▶ **Records**:
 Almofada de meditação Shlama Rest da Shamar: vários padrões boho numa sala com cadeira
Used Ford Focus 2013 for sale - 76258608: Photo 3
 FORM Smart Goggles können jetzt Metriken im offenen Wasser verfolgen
---
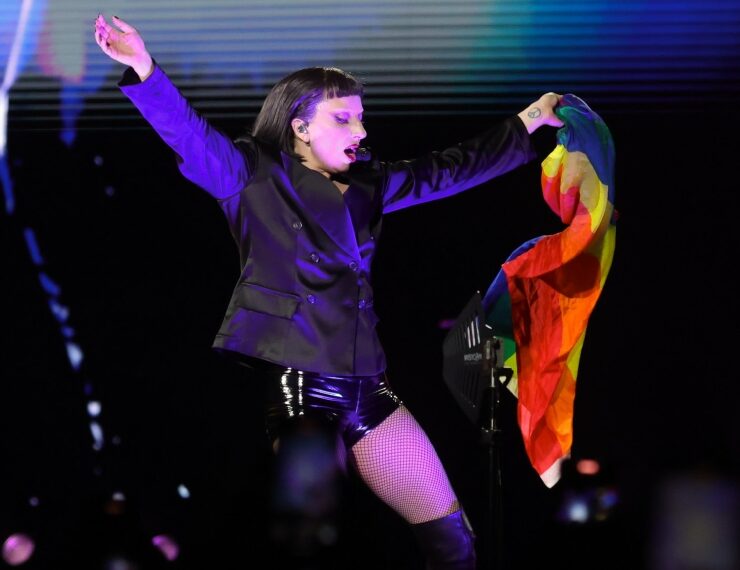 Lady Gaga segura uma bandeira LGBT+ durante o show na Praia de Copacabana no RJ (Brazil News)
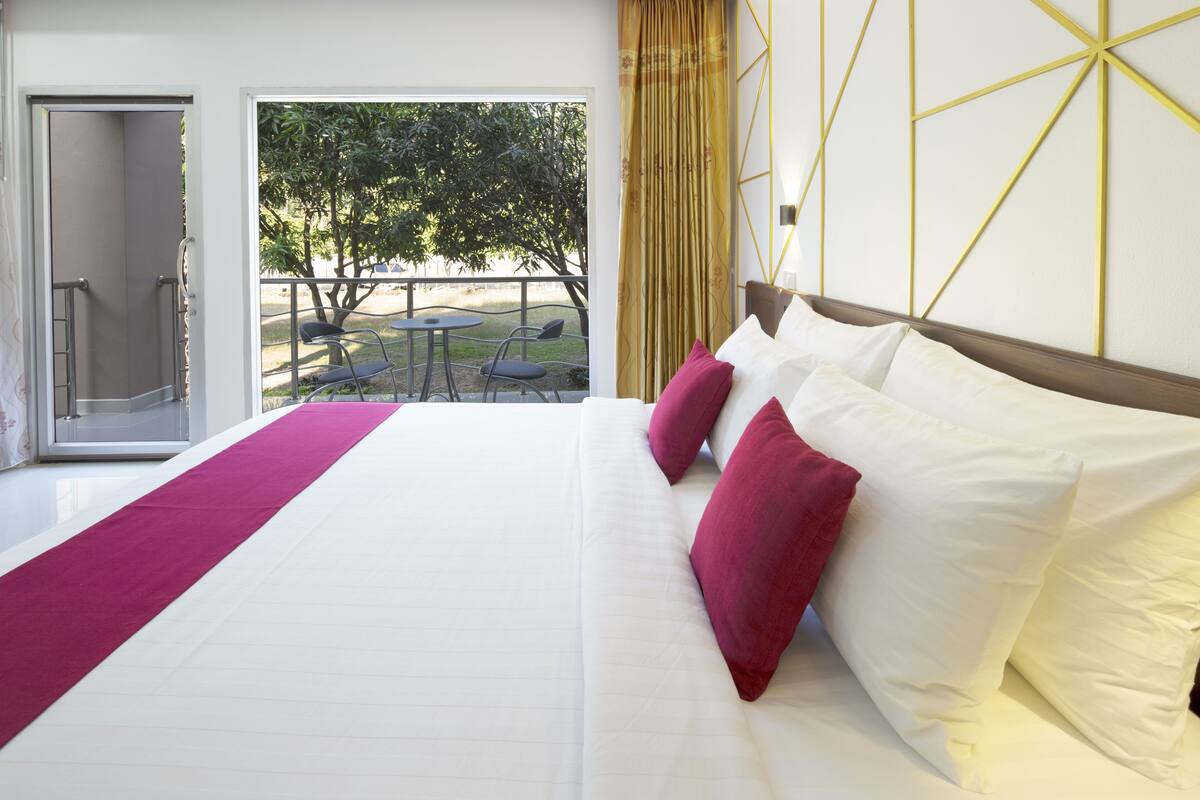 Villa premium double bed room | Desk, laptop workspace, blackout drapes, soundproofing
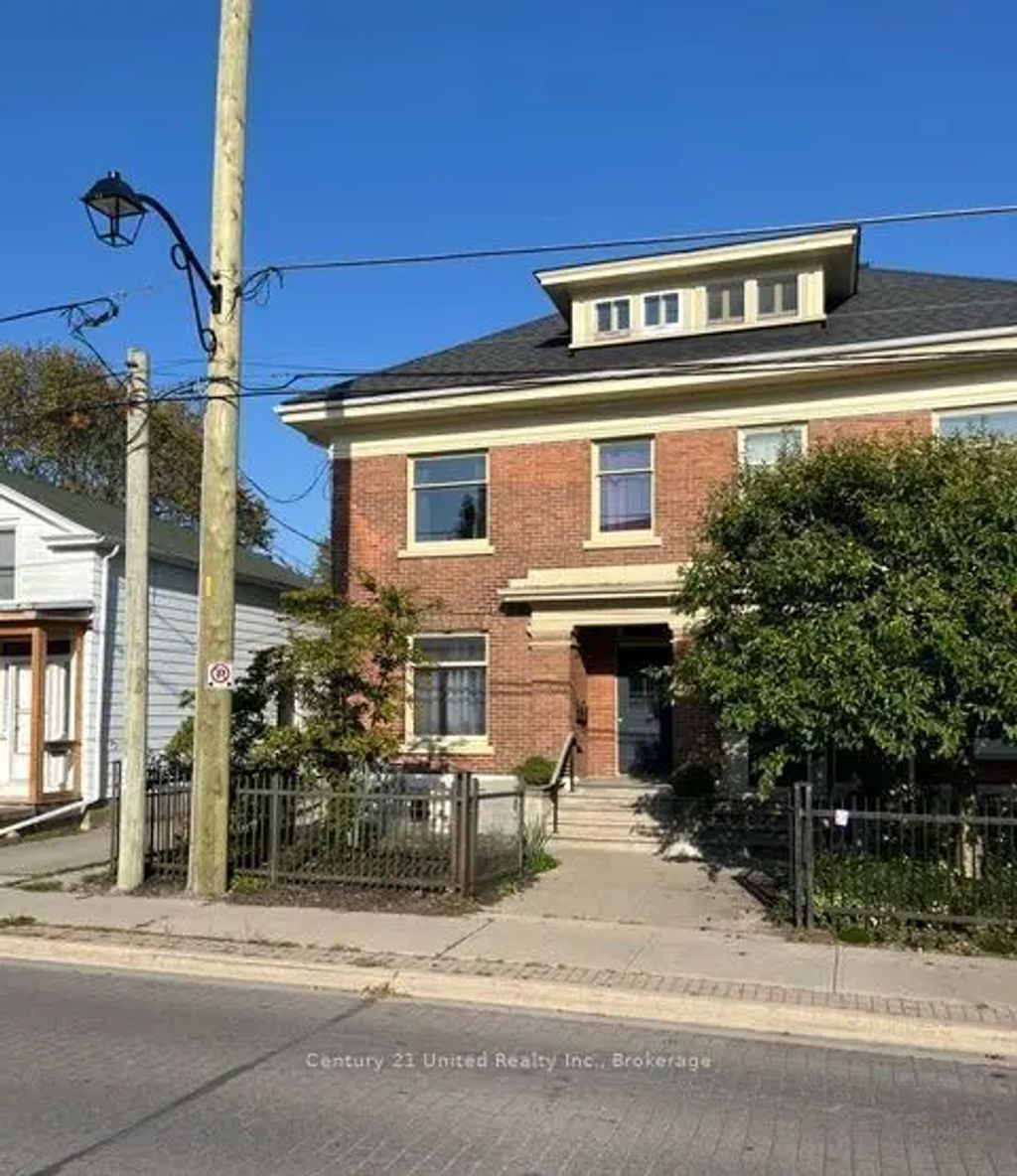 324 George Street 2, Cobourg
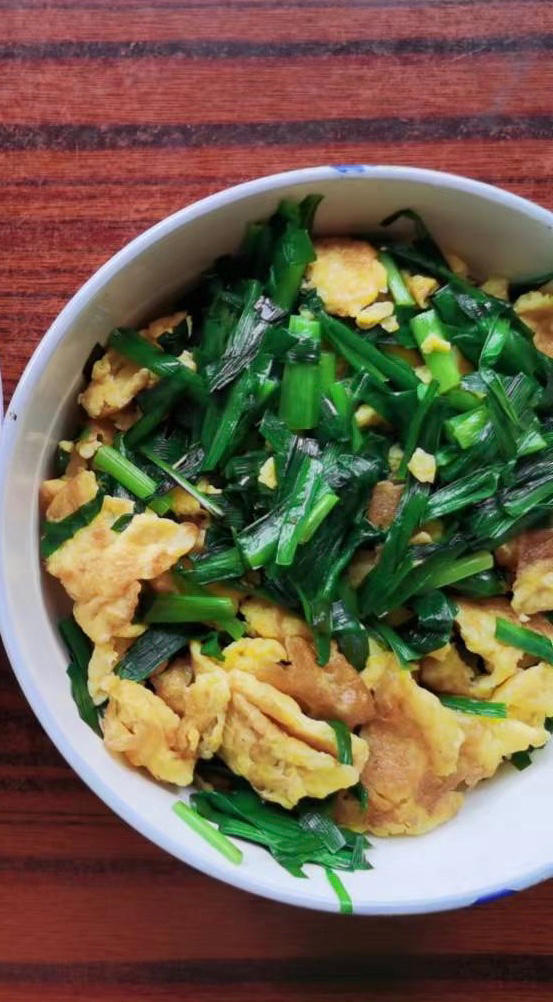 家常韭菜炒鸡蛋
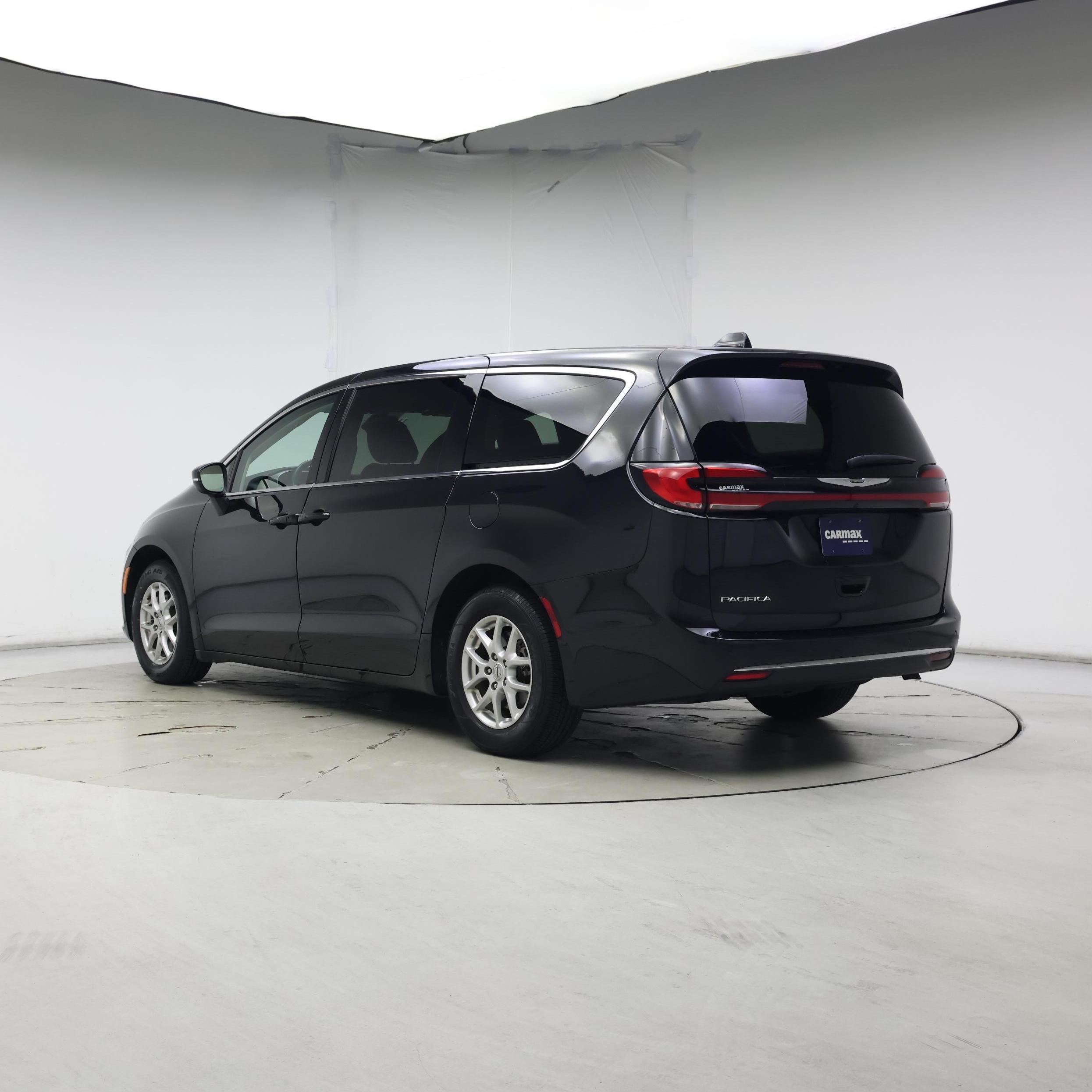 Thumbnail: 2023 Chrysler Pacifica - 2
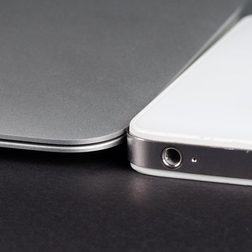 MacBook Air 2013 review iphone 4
* * *
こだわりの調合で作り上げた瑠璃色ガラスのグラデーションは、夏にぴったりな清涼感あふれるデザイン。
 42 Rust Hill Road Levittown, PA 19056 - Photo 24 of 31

▶ **Task to complete**:
Beginning with the line holding "Villa premium double" in the material above, restate word for word each line through the line holding "MacBook Air 2013 review iphone 4", and exclude pictures.

▶ **Response**:
 Villa premium double bed room | Desk, laptop workspace, blackout drapes, soundproofing
 324 George Street 2, Cobourg
 家常韭菜炒鸡蛋
 Thumbnail: 2023 Chrysler Pacifica - 2
 MacBook Air 2013 review iphone 4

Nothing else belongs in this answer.